M.H.P. bir yandan siyasi savaş verirken bir yandan da devşirmeciliğe de karşı çıkmıştır. Bugün siyasi ortamda parti değiştirmek; fikir değiştirmek pek yaygın ve zaman zaman verimli bir davranış ise de M.H.P. oy faydasına inanmasına rağmen, hareketi yozlaştıracağına inandığı için bu devşirmecilik oyununa da rağbet etmemekte, bu davranışlarla da kavgasını sürdürmektedir. Dün ve bugün bulunduğu siyasi ortamda şansını kaybetmiş pek çok kişi M.H.P. ile pazarlığa girişmek istemiştir, istemektedir. Pek çok siyasi hâlâ bu tatlı rüya ile yaşamaktadır. Fakat genç şehitlerin, fedakâr gençlerin omuzlarında yükselen bu hareketin yozlaşmasını kabul edecek bir tek M.H.P.’li yoktur. Bu davranışıyla da M.H.P. Türk siyasi hayatında fikrinden taviz vermeyen tek siyasî kuruluş olduğunu göstermektedir.

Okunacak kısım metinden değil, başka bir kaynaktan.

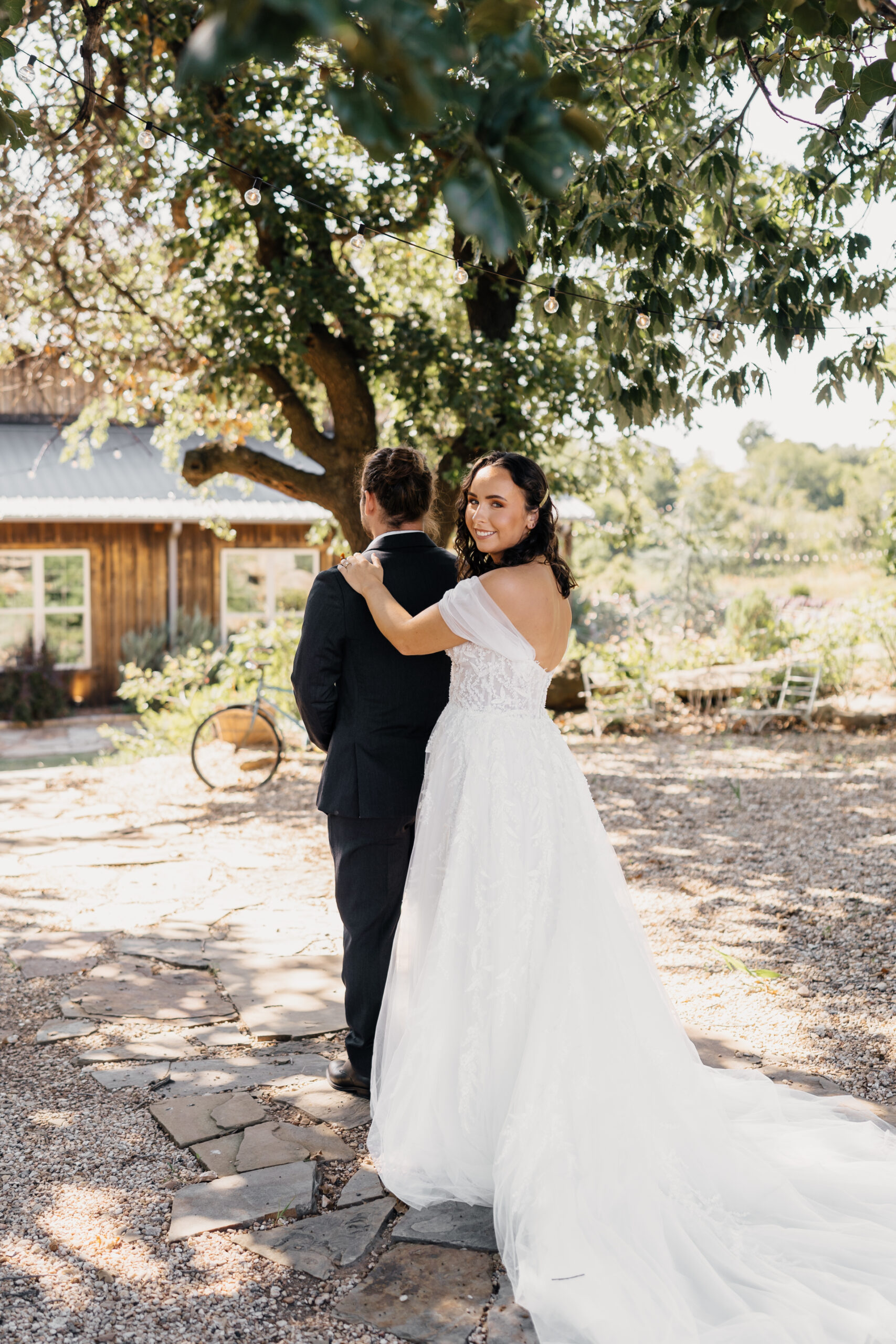 Oklahoma Wedding Photographer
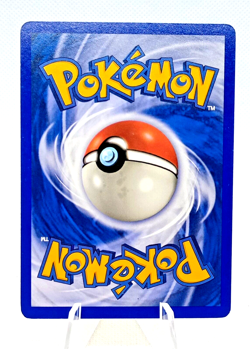 Koffing 114/165-EX Expedition Set Non Holo 2002 TCG Pokemon Card NM - Image 4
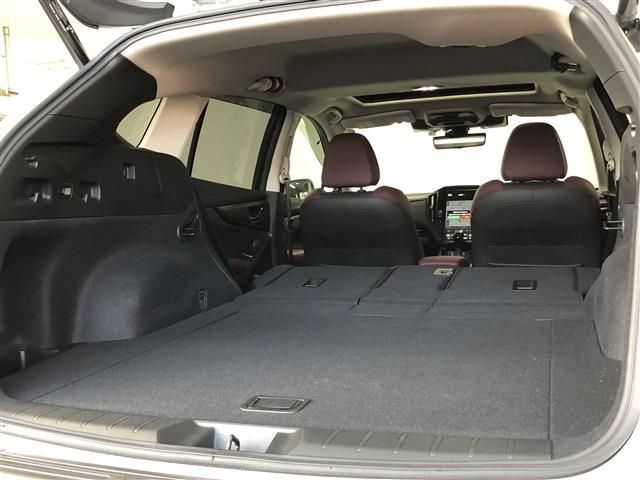 SUBARU LEVORG 2022 Image 31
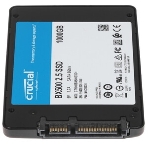 Накопитель SSD Crucial BX500, 1Tb, SATA III, 2.5', R/W 540/500, фото19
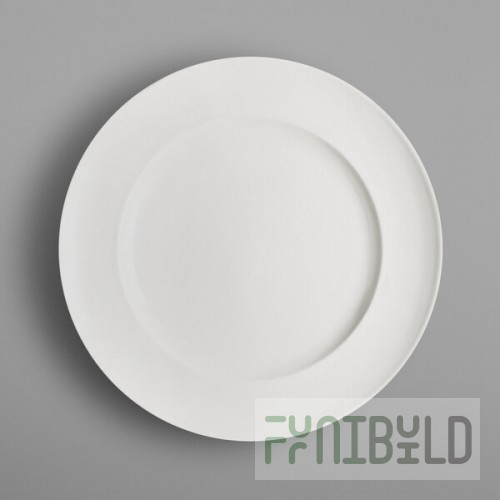 RAK Porcelain Classic Gourmet 12 1/4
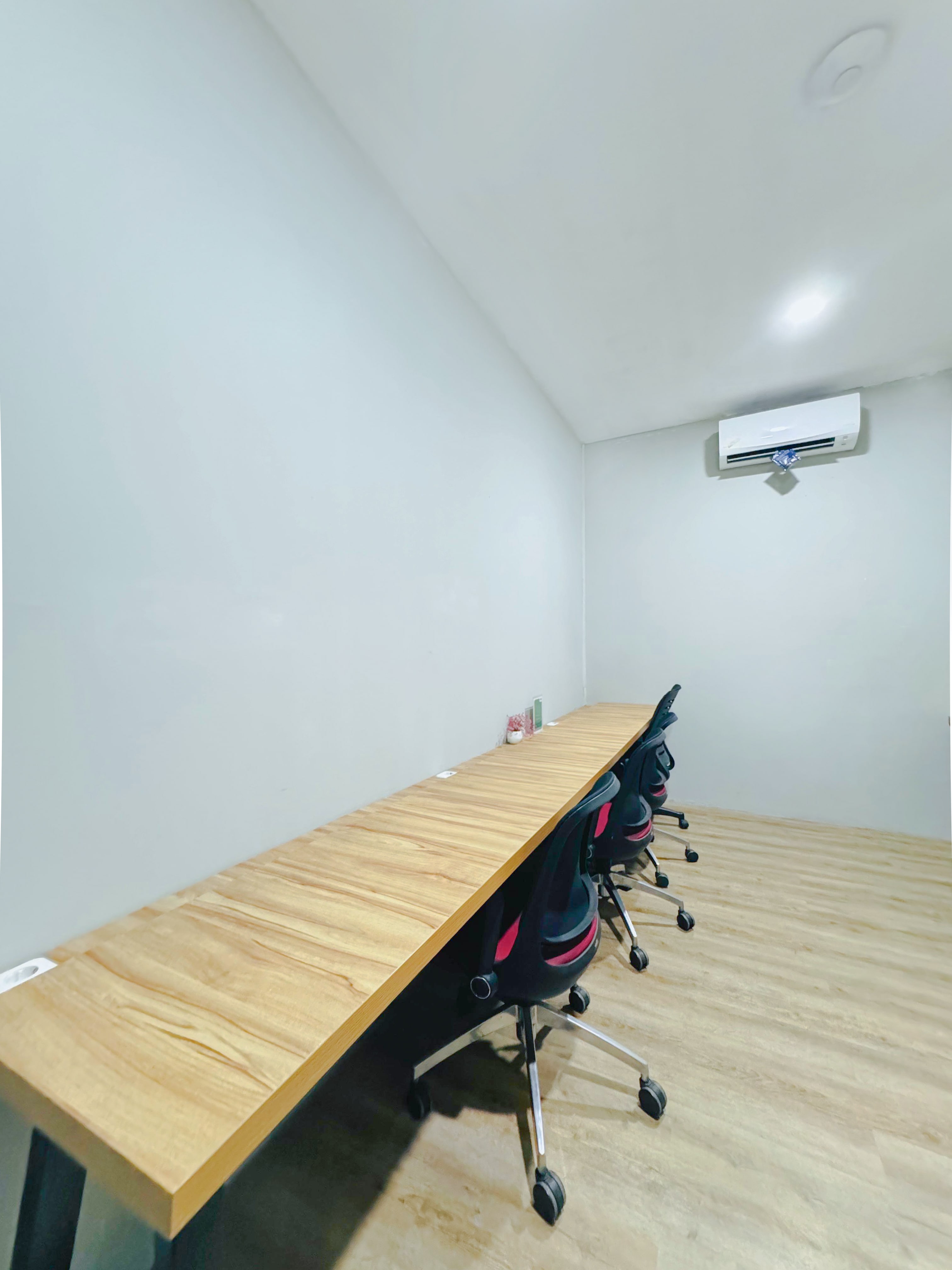 Kantor Virtual (Virtual Office) Trunojoyo - Basic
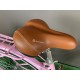 Велосипед ST 28" Dorozhnik RETRO Velosteel 2025 світло-рожевий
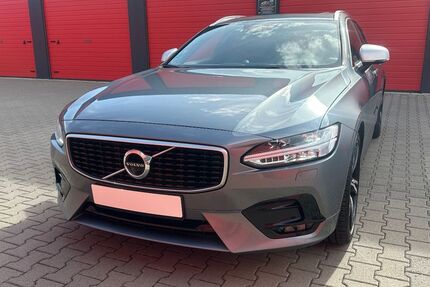 Volvo V90 170.500 km 21.490 &euro; Bad Münstereifel 53902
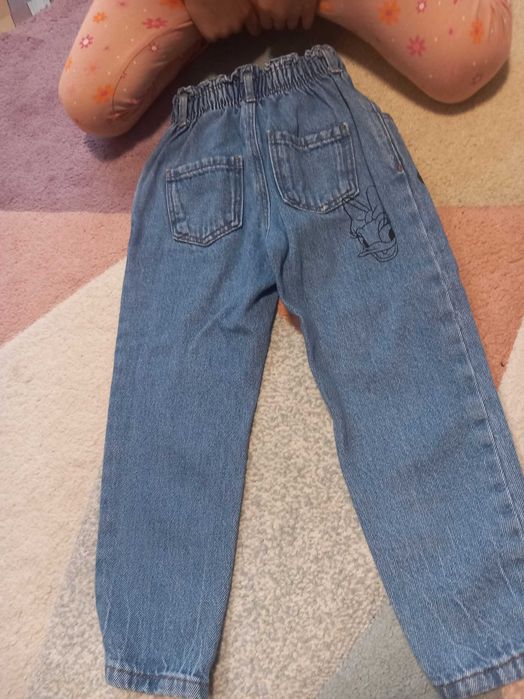 Оригинални Дънки Armani Jeans за малка дама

M.H.P.’nin bir başka kavgası kozmopolit insan ordusu yetiştiren milli eğitime karşıdır. M.H.P. hem siyasi bir mücadele yapmakta, hem de milli eğitimin yozlaştırıcı çarklarından Türk çocuklarını kurtarmağa çalışmaktadır. Bugün M.H.P’ye gönül vermiş birçok kuruluş, sanki özel kurulmuş okullar gibi gerçek Türk milliyetçilerini yetiştirmektedirler. Bu, savaşların en güzelidir belki de. Milliyetçi Türk gençliği bu derneklerde kültür savaşı verirken, milli eğitimin okullarında da okuma savaşı da vermektedirler. Komünistler tarafından okullara alınmak istenmeyen milliyetçiler, asayiş kuvvetlerinden de yardım görmeyince, kendilerini savunmakta, okullarını bu vatan hainlerinden kurtarma kaygısına düşmektedirler. Zaman zaman milliyetçi olduğunu ilan ede A.P., C.H.P. tarafından biraz sıkıştırılınca hemen geriye çark etmekte, en azından Milli Eğitim Bakanının ağzından milliyetçi Türk gençlerine karşı ağır ithamlarda bulunmaktadır. Buna karşı M.H.P. en zor zamanlarda bile, en yetkili ağızdan, bu gençleri savunmakta, onları yalnız bırakmamaktadır. M.H.P. bu davranışıyla bir vicdan ve dürüstlük savaşı da vermektedir.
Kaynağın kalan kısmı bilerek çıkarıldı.